Está escrito em nossas escrituras que a mente é a causa para o nosso aprisionamento e libertação. A mente aqui significa a noção, a idéia que você tem de si mesmo – sua conclusão: “eu estou muito só”. Esta noção que você tem, este auto julgamento é um problema e portanto a clareza mental, o auto conhecimento é a solução.

Na visão das Upanisads, o eu é livre. Como no exemplo do quebra cabeças, quando você acha que a solução para o quebra cabeças está fora do problema, o apta, aquele que conhece, tem sabedoria, pode ver a solução no próprio problema.

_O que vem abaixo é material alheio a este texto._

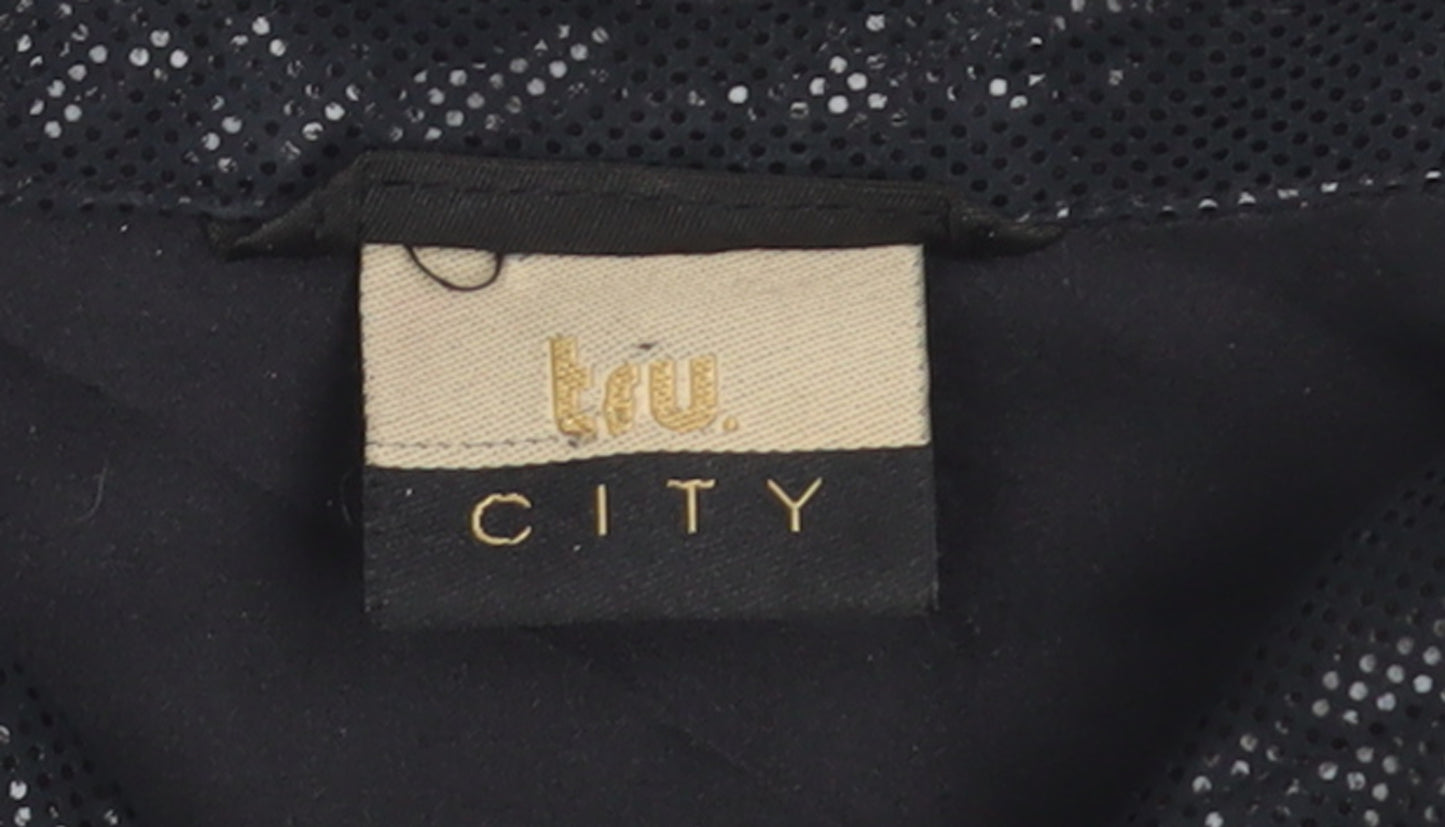 Tru City Women's Black Polyester Zip Jacket Size 10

Na visão dos sastras, das escritura, a previsão de que eu sou a solução é válida o suficiente levando-se em conta que apesar de todos os problemas, eu me vejo e me sinto ocasionalmente feliz. Se todos estes problemas, estas noções são reais, não posso deixá-los de lado. E eu jamais posso ser feliz, a não ser que eu deixe de lado esses problemas e essas noções que me limitam.

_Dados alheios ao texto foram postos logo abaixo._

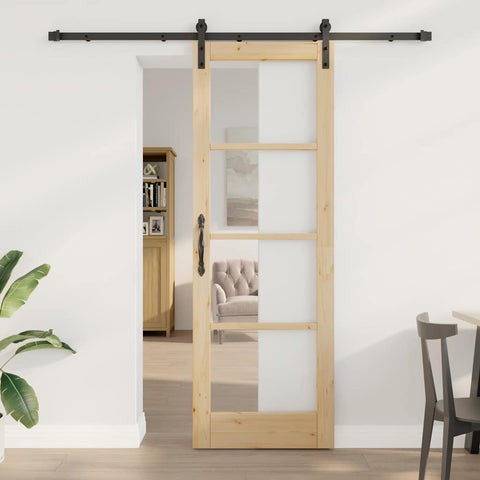 Porta scorrevole ORKDAL Naturale e Nero 73,5 x 211 cm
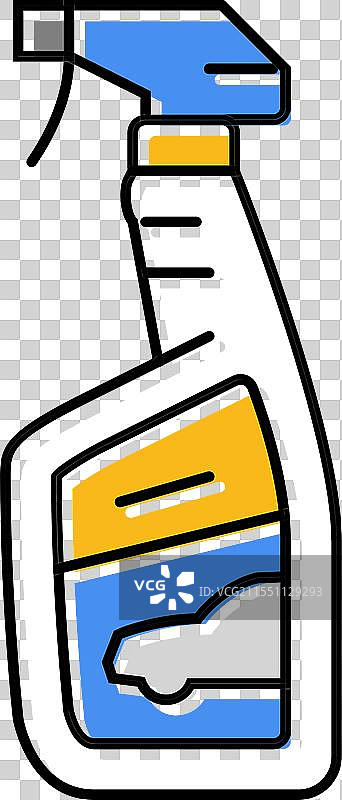 汽车护理用玻璃清洁剂彩色图标图片素材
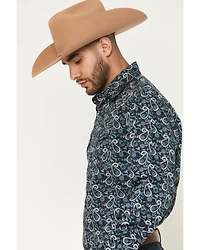 Wrangler Retro Men's Paisley Print Long Sleeve Snap Western Shirt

O fato de eu me sentir feliz significa que é possível deixar de lado estas limitações que tenho de mim mesmo.

Agora considere um menino que acha que seus dentes não são bonitos, nem bem feitos. Seus dentes não são alinhados, ele tem dois dentes extras. Ele não aceita esses dentes e ele está consciente que seus dentes são feios. Ele deliberadamente evita sorrir e fecha a boca logo que se lembra de seus dentes. Mas mesmo assim, algumas vezes este menino sorri. Você sabe por quê? Porque naquele momento, ele é uma pessoa que realmente é; ele deixou de lado a idéia de que é feio. Aquela noção, aquela idéia não real; algumas vezes ele se pega rindo e então está claro que o garoto não é feio realmente e que ele está se vendo de uma maneira errada. A visão do sastra é válida.

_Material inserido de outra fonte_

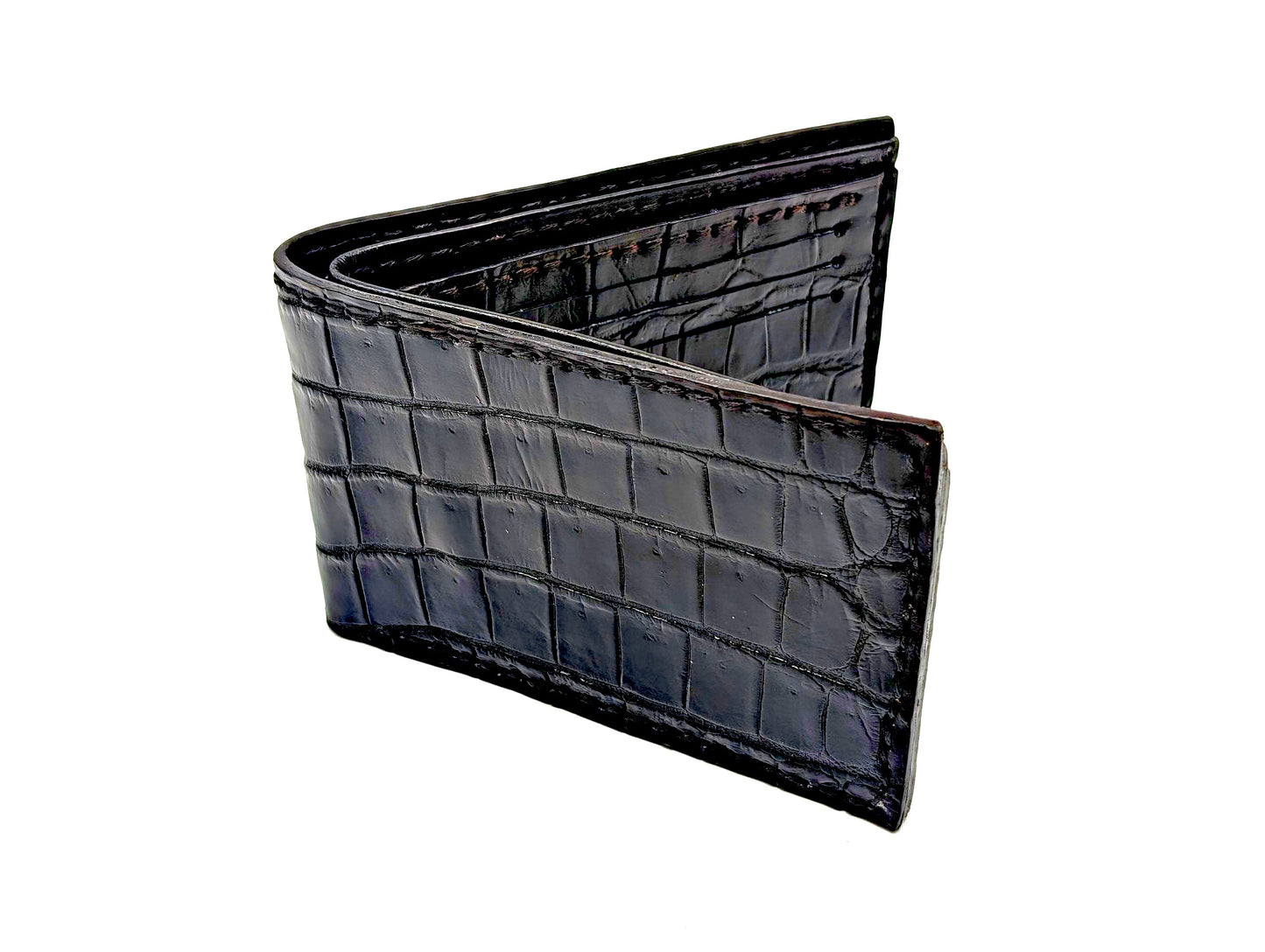 Black Alligator Leather Wallet – Slim Bifold with 6 Card Slots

Minha aspiração natural para me ver livre da infelicidade é uma prova válida de que o “eu” é livre e feliz. Há uma aspiração natural para se ver livre de ser infeliz. Eu gosto do que é natural e eu quero me ver livre do que não é natural. Se a infelicidade e a mediocridade fossem naturais para mim, se fossem características essenciais de Atma, do Ser, eu nunca poderia me livrar delas. Mas durante o sono profundo e nos momentos de felicidade, eu realmente me desvinculo de todas as idéias–noções que me fazem sentir pequeno, limitado. Eu me vejo feliz quando estas limitações não estão presentes.